Curettage and Electrodesiccation

The growth is scraped off with a curette (an instrument with a sharp, ring-shaped tip), and burning heat produced by an electrocautery needle destroys residual tumor and controls bleeding. This procedure is typically repeated a few times, a deeper layer of tissue being scraped and burned each time to help ensure that no tumor cells remain. It can produce cure rates approaching those of surgical excision for superficially invasive squamous cell carcinomas without high-risk characteristics. However, it is not recommended  for any invasive or aggressive SCCs, those in high-risk or difficult sites, such as the eyelids, genitalia, lips and ears, or other sites that would be left with cosmetically undesirable results, since the procedure leaves a sizable, hypopigmented scar.

Cryosurgery

The physician destroys the tumor tissue by freezing it with liquid nitrogen, using a cotton-tipped applicator or spray device. There is no cutting or bleeding, and no anesthesia is required. The procedure may be repeated several times at the same session to help ensure destruction of all malignant cells. The growth becomes crusted and scabbed, and usually falls off within weeks. Redness, swelling, blistering and crusting can occur following treatment, and in dark-skinned patients, some pigment may be lost. Inexpensive and easy to administer, cryosurgery may be the treatment of choice for patients with bleeding disorders or intolerance to anesthesia. However, it has a lower overall cure rate than the surgical methods. Depending on the physician’s expertise, the 5-year cure rate can be quite  high with selected, generally superficial squamous cell carcinoma; but cryosurgery is not often used today for invasive SCC  because deeper portions of the tumor may be missed and because scar tissue at the cryotherapy site might obscure a recurrence.

Radiation

X-ray beams are directed at the tumor, with no need for cutting or anesthesia.
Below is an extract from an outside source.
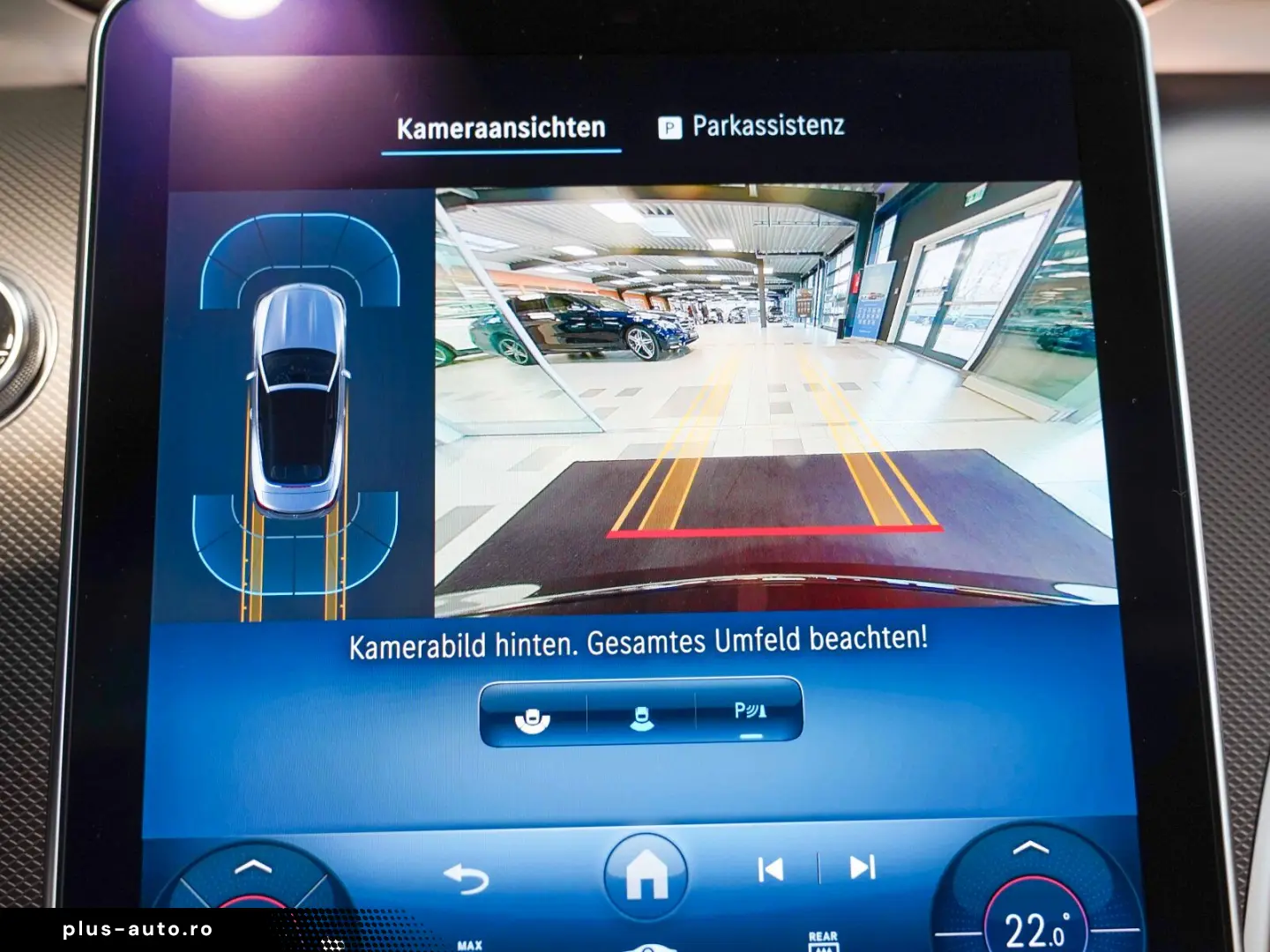 MERCEDES-BENZ CLE 220 d Cabrio macchiato rotes Verde&hellip;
Destruction of the tumor usually requires a series of treatments, administered several times a week for one to four weeks, or sometimes daily for one month. Cure rates range widely, from about 85 to 95 percent, since the technique does not provide precise control in identifying and removing residual cancer cells at the margins of the tumor.  The technique can involve long-term cosmetic problems and radiation risks, as well as multiple visits. For these reasons, though this therapy limits damage to adjacent tissue, it is mainly used for tumors that are hard to treat surgically, as well as patients for whom surgery is not advised, such as the elderly or those in poor health.
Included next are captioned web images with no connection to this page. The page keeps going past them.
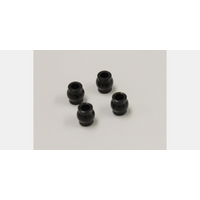 Kyosho ?5.8 Pom Flange Ball (4Pcs)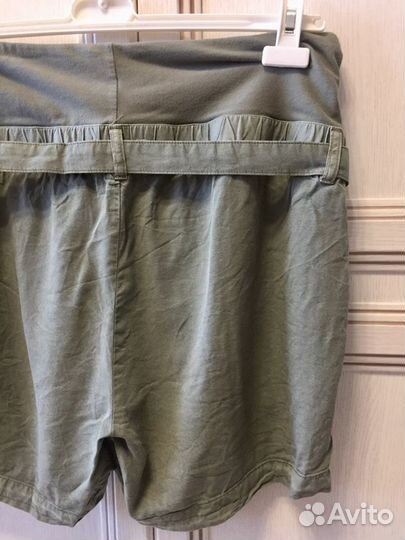 Шорты h&m для беременных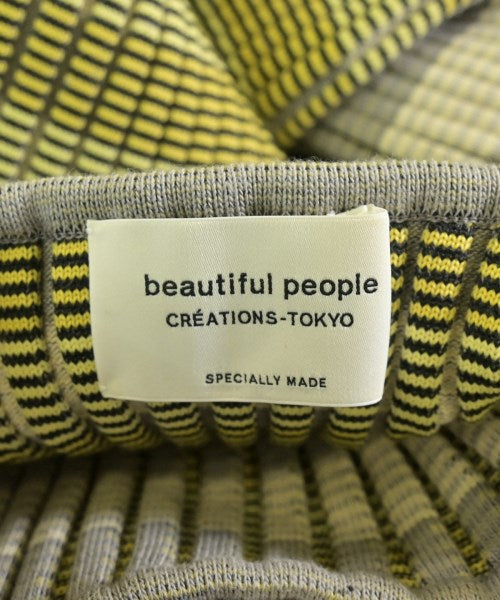 beautiful people เสื้อกันหนาว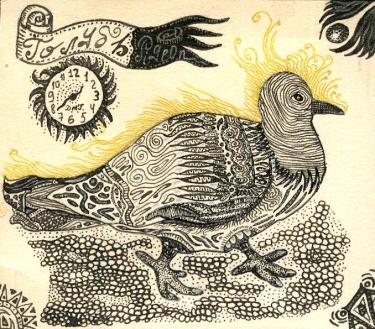 pigeon - David Manoukian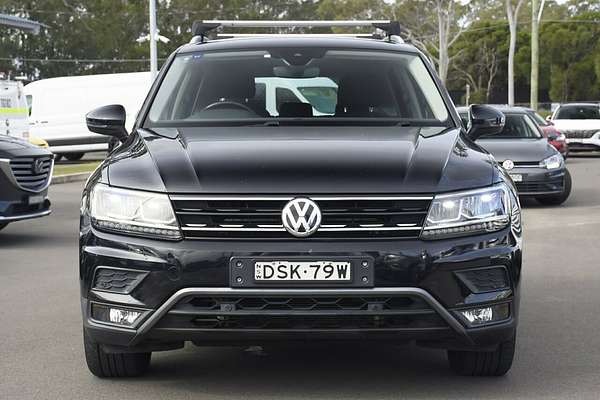 2017 Volkswagen Tiguan 110TDI Adventure 5N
Photodynamic Therapy (PDT)

PDT can be especially useful for growths on the face and scalp. A chemical agent that reacts to light, such as topical 5-aminolevulinic acid (5-ALA) or methyl aminolevulinate (MAL), is applied to the affected skin at the dermatologist’s office; it is taken up by the abnormal cells. Hours later,  those medicated areas are activated by a blue light. The treatment selectively premalignant and some malignant cells while causing minimal damage to surrounding normal tissue. After treatment, patients become locally photosensitive for 48 hours where the light-sensitizing agent was applied, and must avoid both outdoor and indoor light and be careful to use sun protection.